Joseph Toman wrote:
Just adding to what another poster said about this and about computer repairmen becoming just as essential as plumbers, carpenters, etc. .Higher end new housing (in the US) is increasingly getting plumbed with cat-5. It's not a stretch to imagine the rackmount server in the utility room, sandwiched between the water heater and the security system, or even running the security system. This would be bad news for hardware manufacturers, at least until they adjusted their business model to account for a more efficient use of hardware.

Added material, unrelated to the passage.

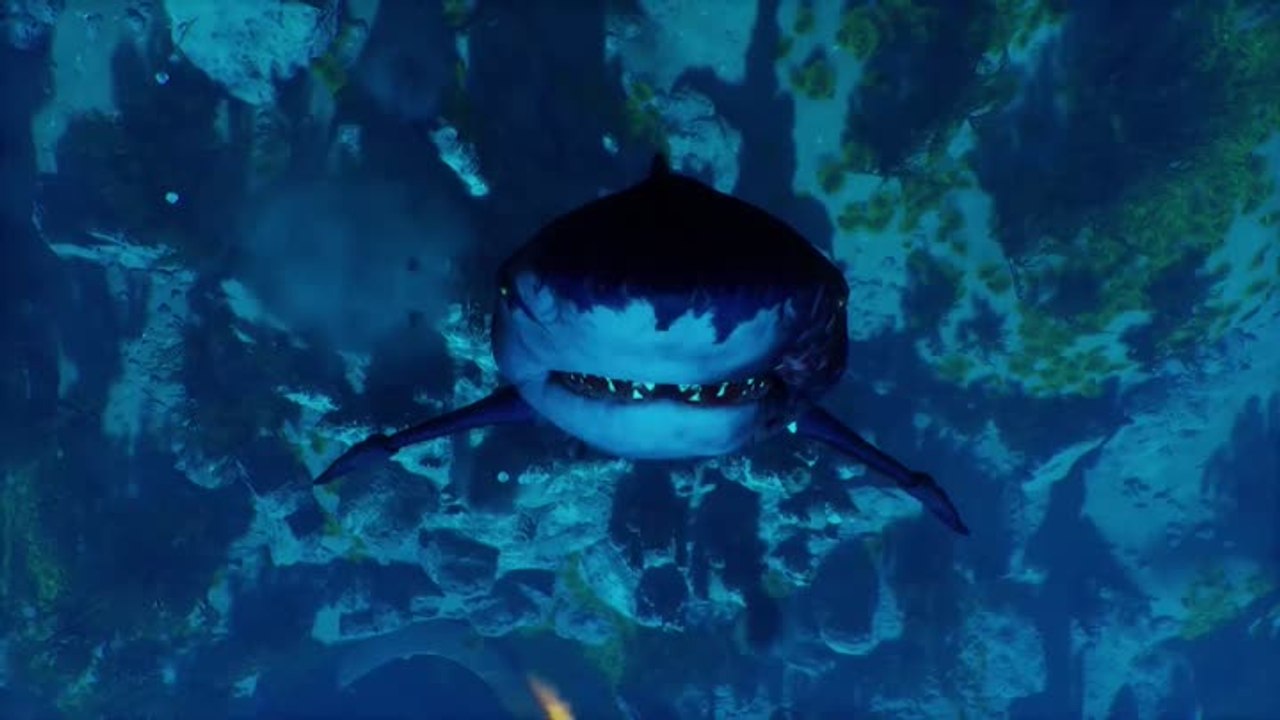 Maneater dévoile son trailer de lancement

Actually here in Norway home setups beats most of the office installs I work with. People have some real high-end things at home, and low-end at work. Parts of my city has got fiber straight to the house. Still, home people do not like high "craftsman"/IT-guy bills, but they'd be prepared to pay for good hardware. That's why I mean it would be better for people to get a stable system rather than a fancy, breaking-down one. Of course this is a bit off-topic, because I don't know too many deploying LTSP at home :) But I can see some use for pre-built entertainment boxes booting from the network in the house - just plug your TVset-top-box to the network (evt place it in a WLAN covered area), boot it via LTSP/PXE and you can access your media content (or other content for the sake of it) from around the house. If you've got more of those set-top-boxes, just keep connecting them to the net :)
Okay maybe this exists in some form already but the fun is in building it from scratch isn't it?